Lay Off Attacks On Commissioner McQueen

  • Friday, July 21, 2017
Dear Roy, my bestest friend and adversary. I rarely agree with much of anything you write. And this one of those times I don't agree with you. First and foremost, lay off the attacks against Ms. McQueen. These schools only have themselves to blame and it dates back to two and more generations of students having been damaged. 

Many years ago, perhaps 20, I warned "You all are going to regret what you're doing to these children." More than 30 years ago a teacher warned, "You all think what you're doing to these children is funny, but these children are going to one day grow up and fight back." Those two remarks came about due what some were witnessing taking place inside some of these schools: A middle school male student, just recently gotten an ear pierced, a teacher walking up to that student snatching the earring from his ear.
Another teacher alarmed when she encountered the student walking down the hallway with blood streaming down the side of his head.

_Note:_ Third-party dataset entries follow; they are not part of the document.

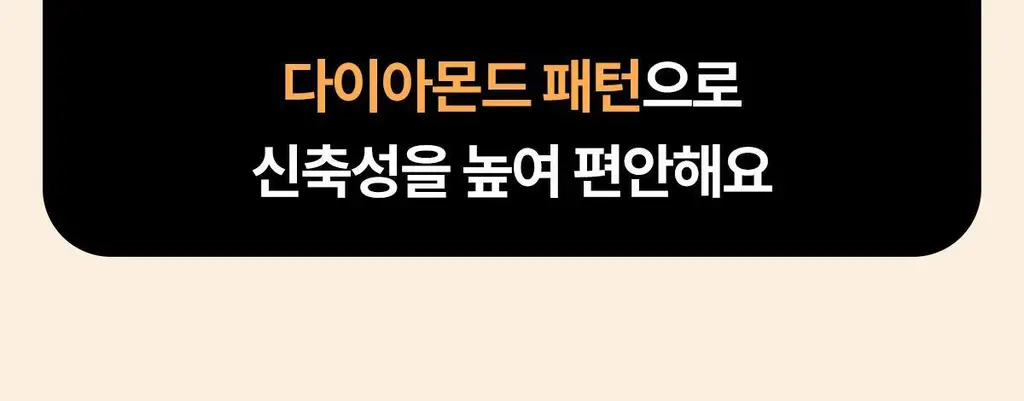 마른파이브 뱃살보정 삭팬티 2종 택1 상세페이지 20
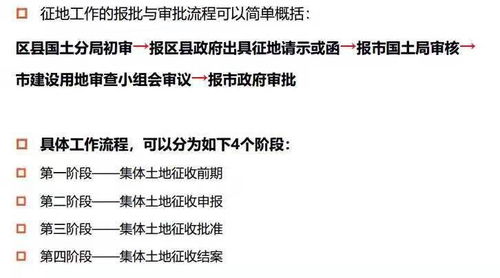 服务流程效能名言—关于科学发展的名言？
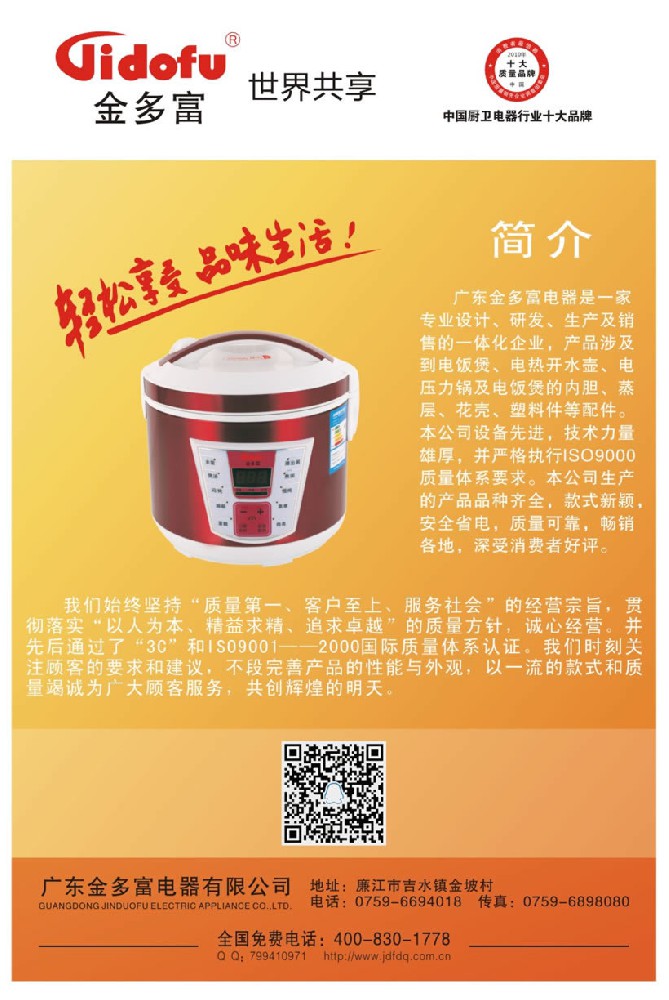 广东金多富电器有限公司简介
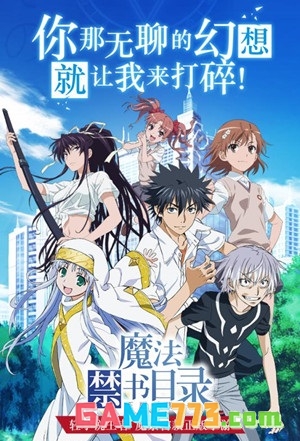 魔法禁书目录手游单机版截图3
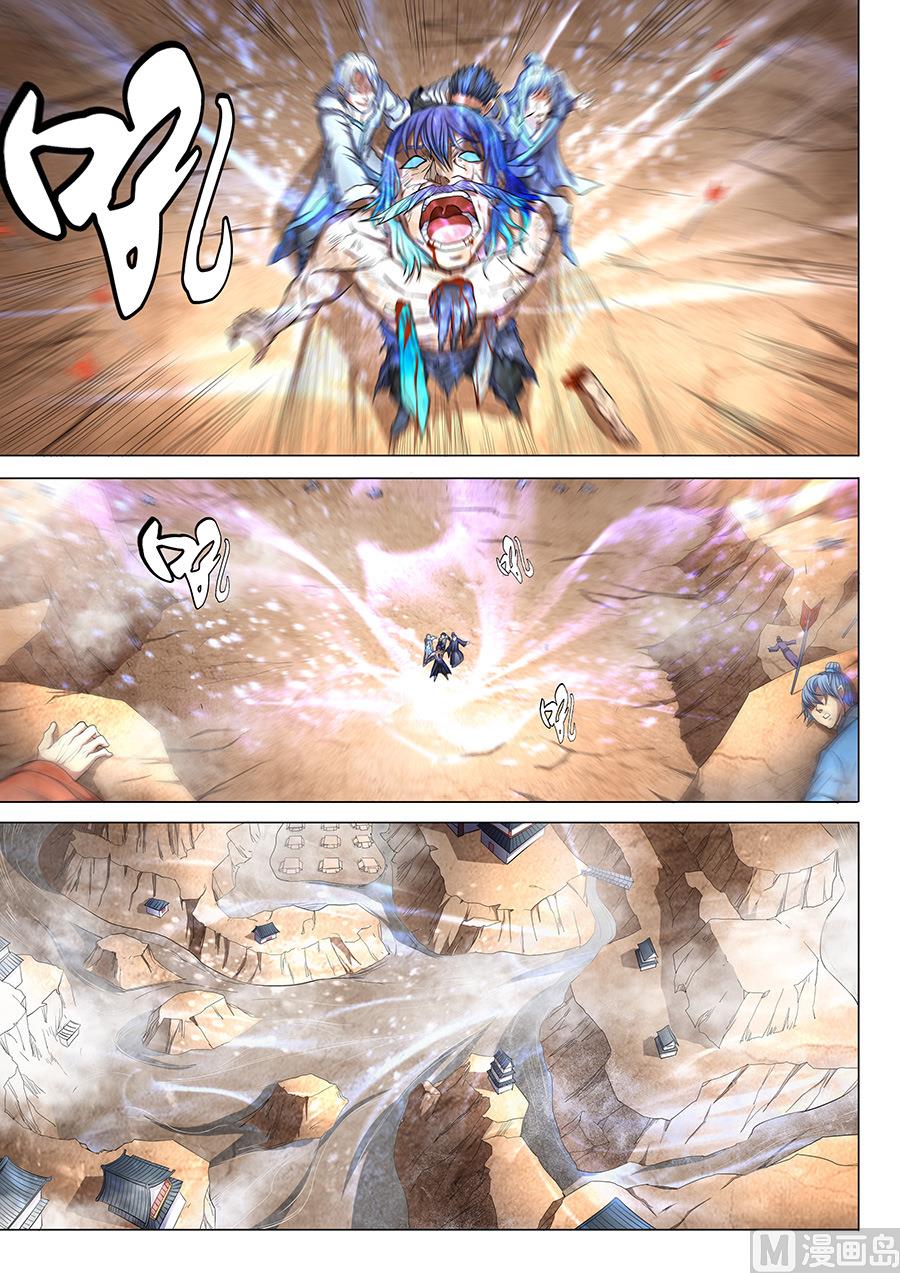 第51话 画中人 13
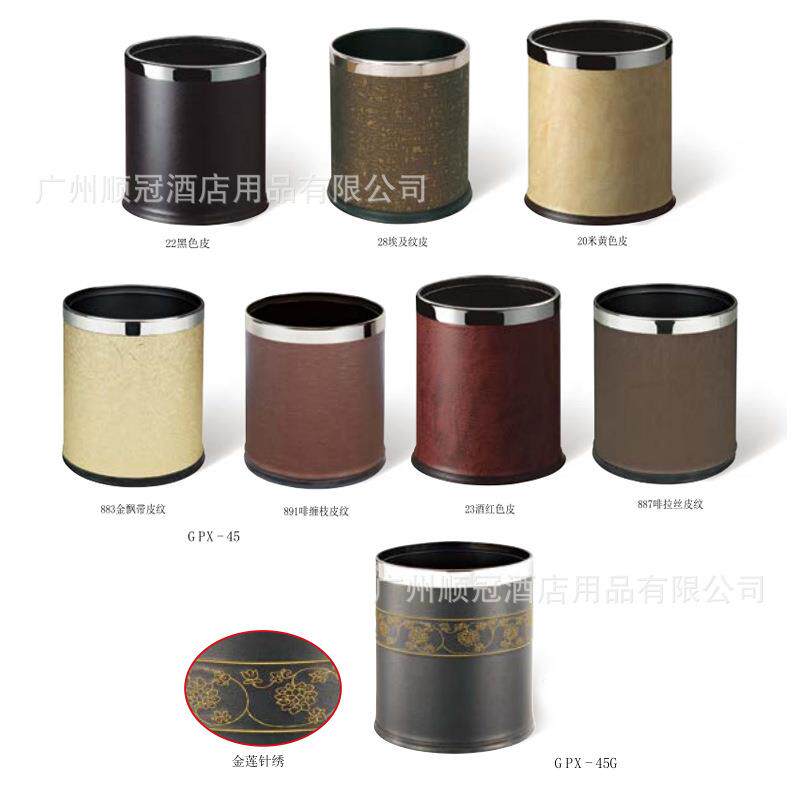 酒店客房垃圾桶双层圆形垃圾桶宾馆套皮房间桶无盖防阻燃烤漆桶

He didn't even realize he was bleeding, until the teacher asked My God. What happened to you? She thought he'd been attacked by another student, not an adult professional educator. 

A second or third grader, again male student, dragged down a hallway by a teacher, flat on his back by the strap of his book bag.He actually wrote a note to his kindergarten teacher begging her to "please come and get me."  A young female basketball player slammed head first into a set of school lockers by an SRO, splitting open a place  barely missing her eye. Confusing and inconsistent rules that could change from one hour to the next. One classroom to the next. One teacher or staff member to the next, that could set the student up for suspension or expulsion. Parents who attempted to speak out were locked out. Banned. No longer welcome. No one can learn in a hostile learning environment. Over time, no one wants to be there. Everything collapse. 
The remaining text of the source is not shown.